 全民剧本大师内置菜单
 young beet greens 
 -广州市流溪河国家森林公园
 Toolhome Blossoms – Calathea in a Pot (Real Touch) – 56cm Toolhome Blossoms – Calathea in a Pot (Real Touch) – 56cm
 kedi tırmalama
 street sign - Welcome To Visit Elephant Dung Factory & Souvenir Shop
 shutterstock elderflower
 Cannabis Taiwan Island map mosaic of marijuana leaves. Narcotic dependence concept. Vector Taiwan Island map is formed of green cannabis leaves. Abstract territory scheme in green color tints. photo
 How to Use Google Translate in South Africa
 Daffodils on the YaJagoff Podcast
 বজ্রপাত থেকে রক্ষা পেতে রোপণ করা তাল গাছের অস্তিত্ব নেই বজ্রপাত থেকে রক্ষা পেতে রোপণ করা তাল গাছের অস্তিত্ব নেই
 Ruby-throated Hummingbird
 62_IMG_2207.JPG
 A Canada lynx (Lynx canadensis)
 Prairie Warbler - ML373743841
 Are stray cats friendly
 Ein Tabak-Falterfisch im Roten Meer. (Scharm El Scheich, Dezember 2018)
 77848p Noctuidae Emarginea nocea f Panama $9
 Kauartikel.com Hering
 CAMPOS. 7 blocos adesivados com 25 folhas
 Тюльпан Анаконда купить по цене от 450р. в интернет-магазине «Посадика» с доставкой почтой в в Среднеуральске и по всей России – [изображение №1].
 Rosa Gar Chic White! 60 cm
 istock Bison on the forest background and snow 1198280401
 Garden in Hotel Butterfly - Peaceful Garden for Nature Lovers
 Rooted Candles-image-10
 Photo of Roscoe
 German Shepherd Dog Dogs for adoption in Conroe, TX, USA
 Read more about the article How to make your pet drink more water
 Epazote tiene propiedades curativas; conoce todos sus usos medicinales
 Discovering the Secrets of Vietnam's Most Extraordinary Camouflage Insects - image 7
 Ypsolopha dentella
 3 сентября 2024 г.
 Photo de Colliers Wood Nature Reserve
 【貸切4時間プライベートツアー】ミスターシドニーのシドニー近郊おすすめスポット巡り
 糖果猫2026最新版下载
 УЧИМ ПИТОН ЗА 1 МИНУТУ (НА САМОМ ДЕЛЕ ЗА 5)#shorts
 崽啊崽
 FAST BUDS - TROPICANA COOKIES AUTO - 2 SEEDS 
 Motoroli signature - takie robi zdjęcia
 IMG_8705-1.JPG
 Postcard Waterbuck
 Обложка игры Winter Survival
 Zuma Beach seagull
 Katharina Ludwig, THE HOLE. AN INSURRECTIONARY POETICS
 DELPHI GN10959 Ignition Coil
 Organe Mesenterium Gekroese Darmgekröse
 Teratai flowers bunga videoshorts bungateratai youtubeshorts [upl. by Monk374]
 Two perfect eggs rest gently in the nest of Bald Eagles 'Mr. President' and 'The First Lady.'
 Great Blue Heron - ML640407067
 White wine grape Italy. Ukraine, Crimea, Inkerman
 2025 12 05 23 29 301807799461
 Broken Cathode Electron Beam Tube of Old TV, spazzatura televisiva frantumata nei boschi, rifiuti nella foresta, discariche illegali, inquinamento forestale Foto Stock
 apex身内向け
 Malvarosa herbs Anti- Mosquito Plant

PROMPT: Set down, exactly as written, each line of the data from its opening line through the one containing "shutterstock elderflower". Output nothing more.

WRITTEN SOLUTION:
 全民剧本大师内置菜单
 young beet greens 
 -广州市流溪河国家森林公园
 Toolhome Blossoms – Calathea in a Pot (Real Touch) – 56cm Toolhome Blossoms – Calathea in a Pot (Real Touch) – 56cm
 kedi tırmalama
 street sign - Welcome To Visit Elephant Dung Factory & Souvenir Shop
 shutterstock elderflower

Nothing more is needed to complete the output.